Whitteker – who did not approach Joey so she would not scare him away – guided Nixon to the location by talking to her on cell phone.

"When Linda came up and he heard her voice, he just came right out," said Whitteker. "It was so sweet."

For Nixon, it was an emotional reunion.

"I picked him up. That was unbelievable," she said, smiling and crying at the same time while telling the story later that day.

"I thought I was sleeping," she said. "I thought I was dreaming."

After calling to him and Joey slowly coming to her, Nixon wrapped him in a blanket.

"She was walking ahead of me, holding him and crying," said Whitteker, who took a cell phone photo of the touching scene.

Later that day, Nixon and Joey were back at their home.

And she was still marveling at the fact that Joey survived the ordeal.

"How do I think he survived?" said Nixon when asked that obvious question by The Hub. "It's a miracle."

She noted Joey – which she described as eight pounds soaking wet – had lost just a couple of ounces in weight, was not injured and had no frostbite, although he was slow and appeared tired.

The owner speculated he may have found a burrow for protection.

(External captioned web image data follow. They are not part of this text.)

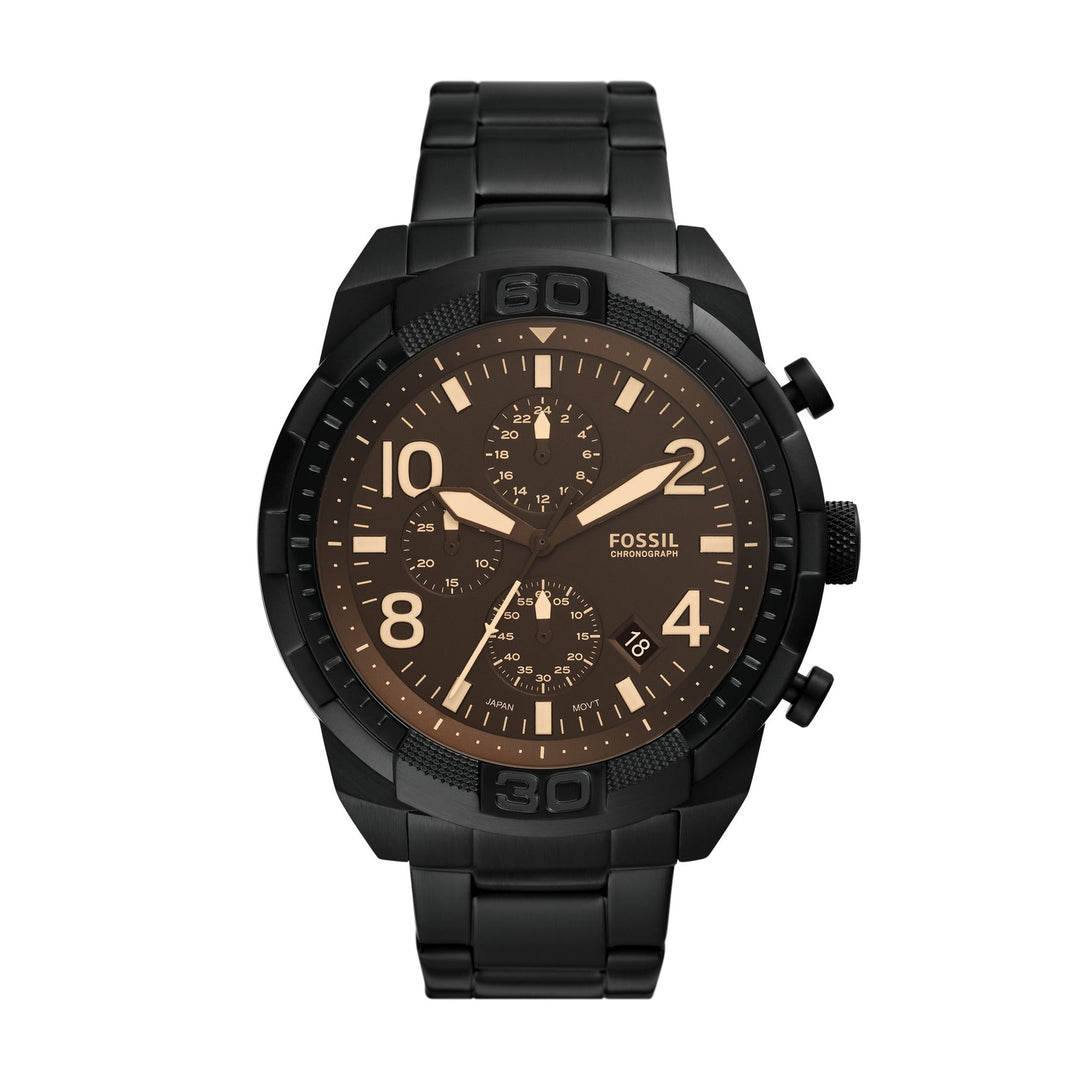 Fossil Bronson Chronograph Black Stainless Steel Men&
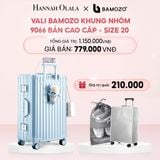  E4_DEAL 1: VALI BAMOZO KHUNG NHÔM 9066 BẢN CAO CẤP (TẶNG BỌC VALI CC TRONG SUỐT + TÚI ĐỰNG GIÀY) 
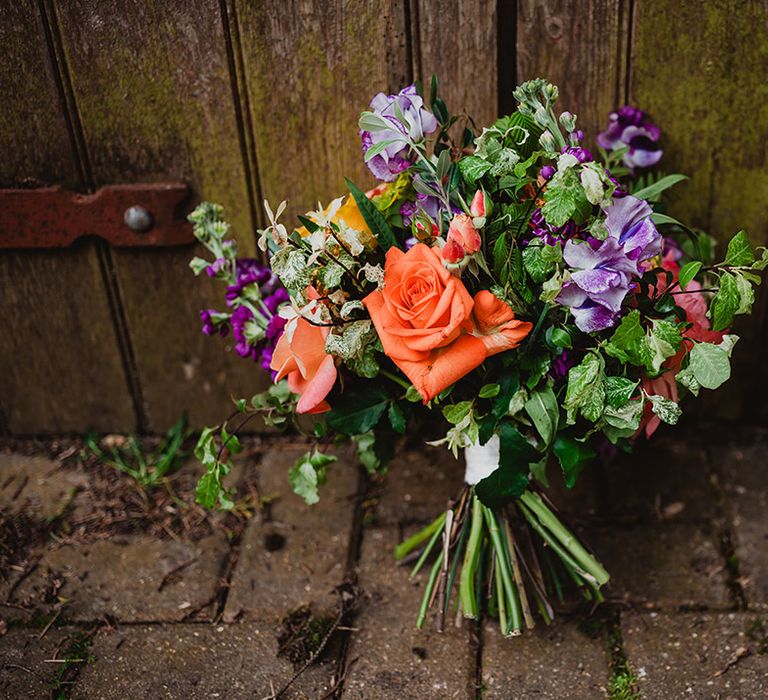 orange-rose-and-purple-wedding-flower-bouquet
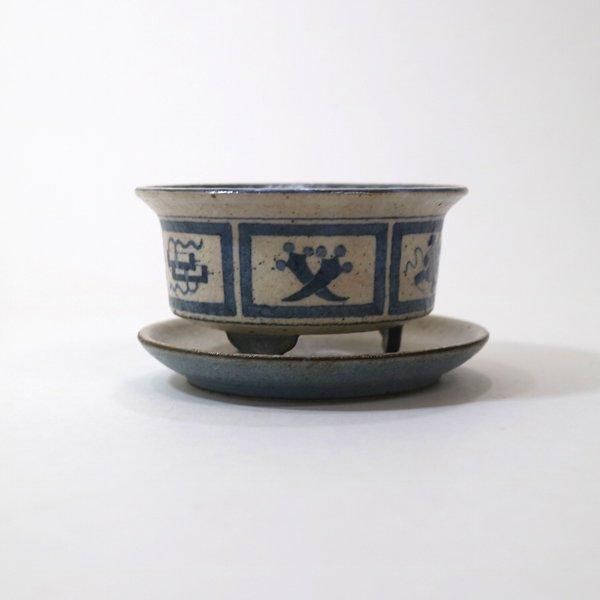 大山文女/植木鉢/宝尽くし/染付け - puentopuenta/プエントプエンタ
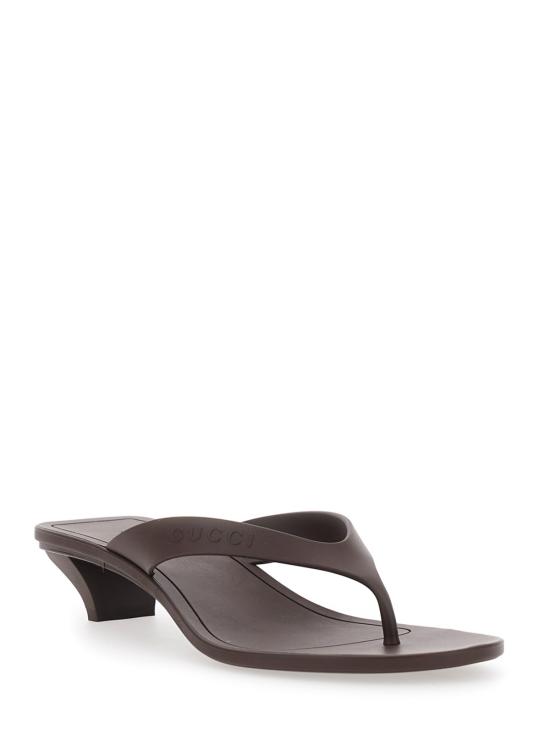  구찌 샌들 비토리아 힐  브라운 - GUCCI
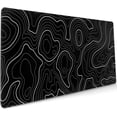 thumbnail image 1 of Topographic Contour Gaming Mouse Pad 35.4 X 15.7 Inch XXL Black Geographic Map Lines Full Des Mousepad Extended Large Non-Slip Rubber Base Keyboard Mat with Stitched Edges for Home Office, 1 of 6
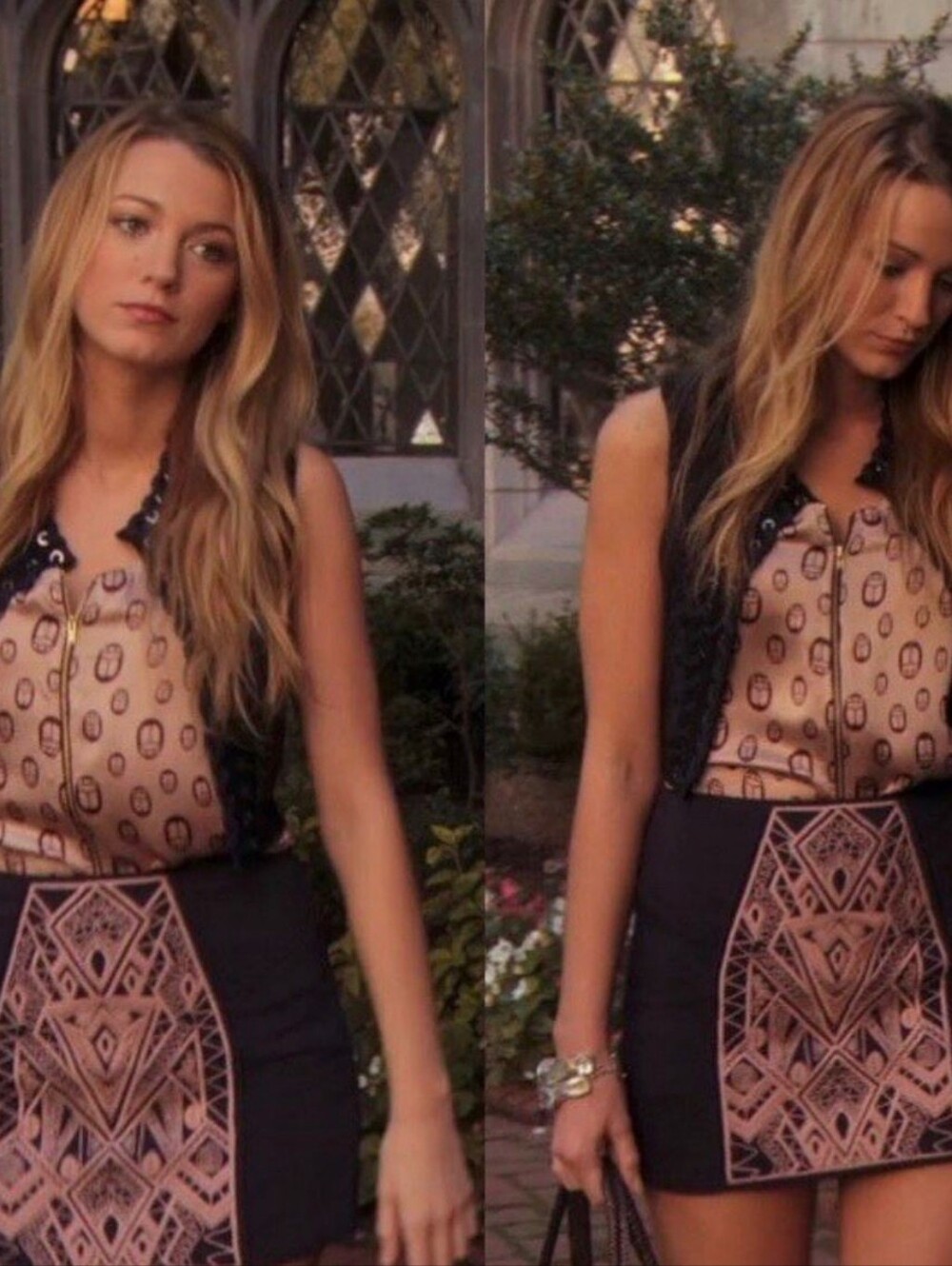 Tibi Pencil Skirt with Blush Embroidered Panel, ASO Serena Van Der Woodsen NWOT - Picture 4 of 16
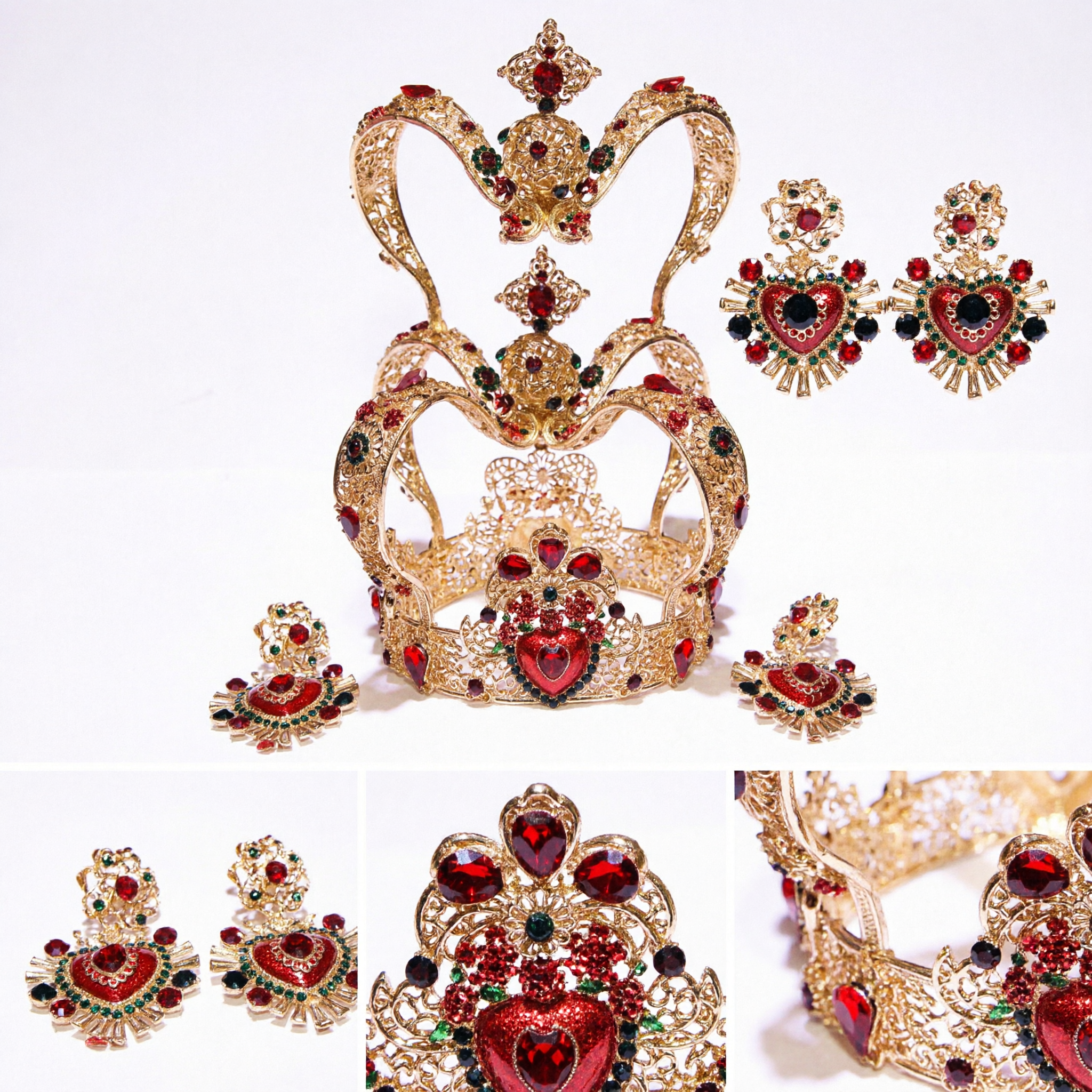 Set Tiara Corona Nuziale in Stile Kundan Dorato Placcato con Orecchini Abbinati per Matrimonio Indiano - Asian Costume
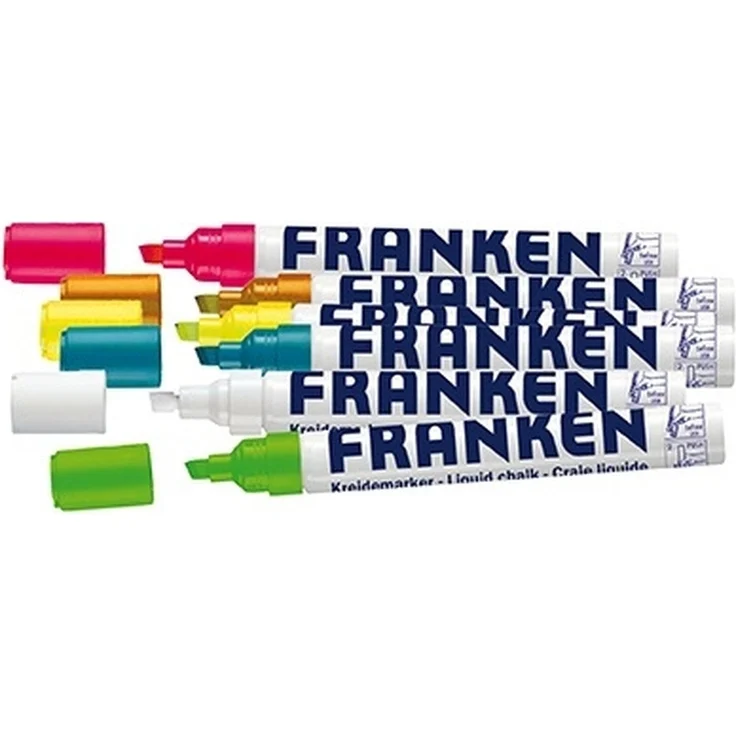 FRANKEN Kreidemarker Whiteboard Marker, 2-5mm Strichstärke, farbig sortiert (6 Stück: weiß, leuchtpink, leuchtgelb, leuchtorange, leuchtgrün, hellblau) – Bild 1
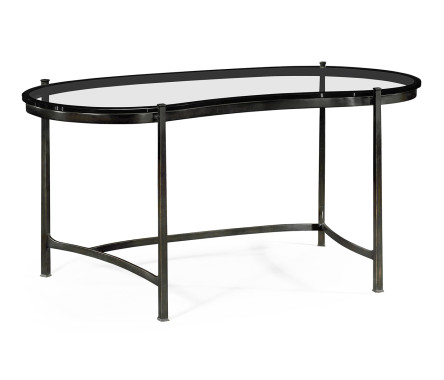 Bronze Kidney Desk with Glass Top
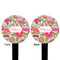 Wild Flowers Black Plastic 6" Food Pick - Round - Double Sided - Front & Back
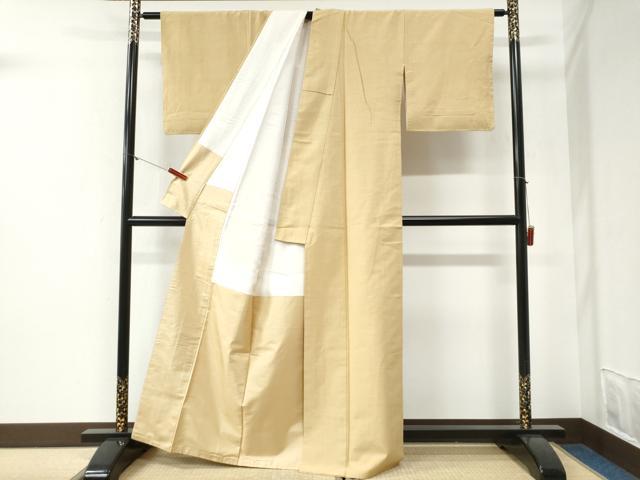 平和屋着物●結城紬 色無地 玉蜀黍色 正絹 逸品 CABG1161yc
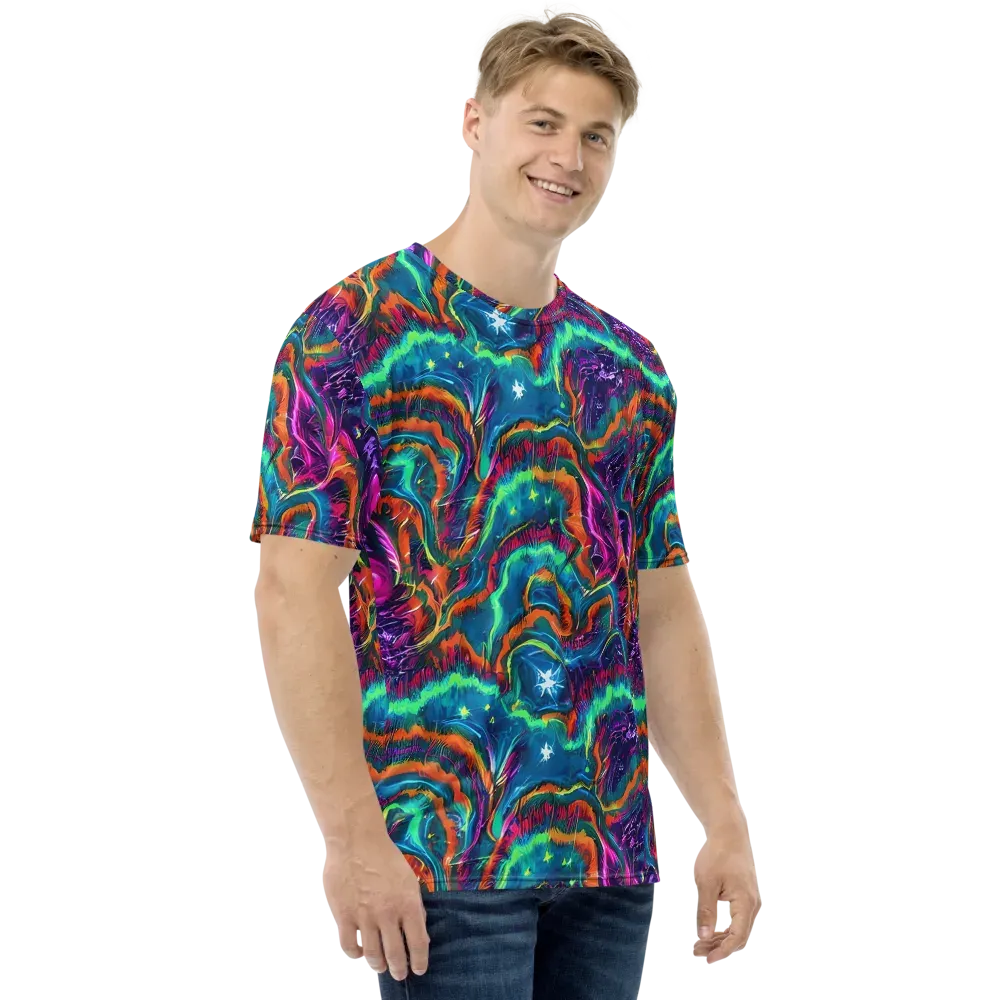Dreamwave Bloom on Men's Crew Neck T-Shirt — Right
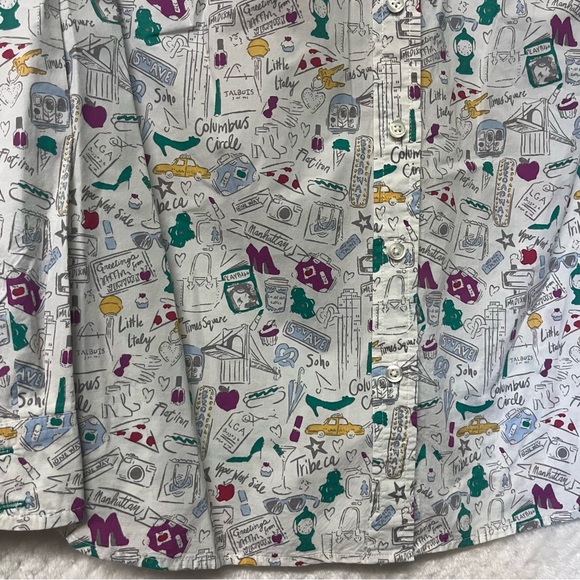 Talbots Top NYC Doodle 100% Cotton Button Front Long Sleeve Shirt Sz MP - Picture 6 of 8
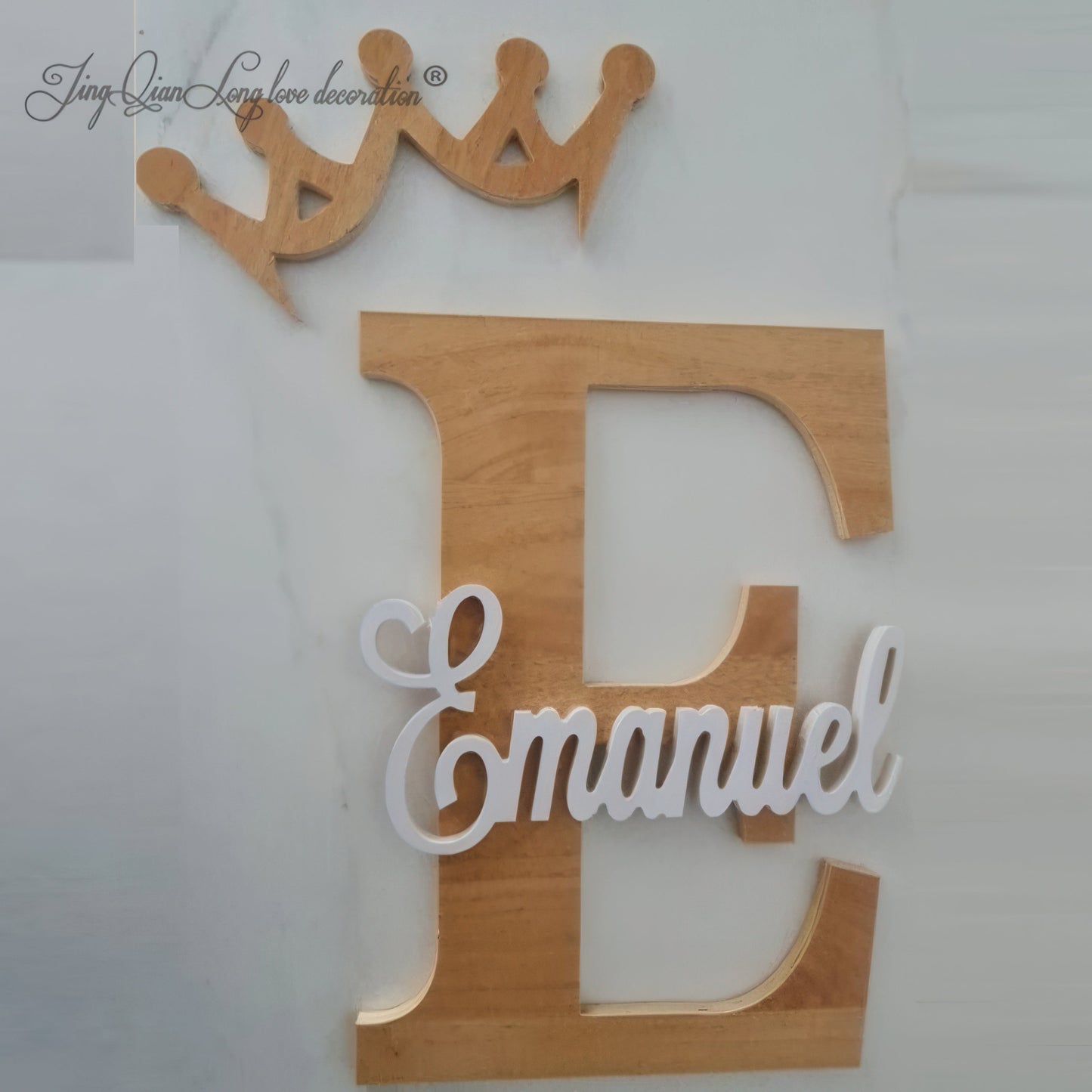 Wooden Name Signs Sample 5 with crown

As for what he ate during those nine days, both Nixon and Whitteker noted that some dogs eat rabbit droppings.

However it happened, Nixon said she is amazed and flabbergasted that Joey survived, describing him as a pampered and protected dog that has never had to fend for himself.

She is also very thankful to the people of Hay River who helped search for Joey.

"The people in the town are amazing," she said.

Nixon said she made a $200 donation to the animal shelter as a way of saying thanks to the town just before Joey was found.

She also noted Whitteker did not want the reward for finding Joey.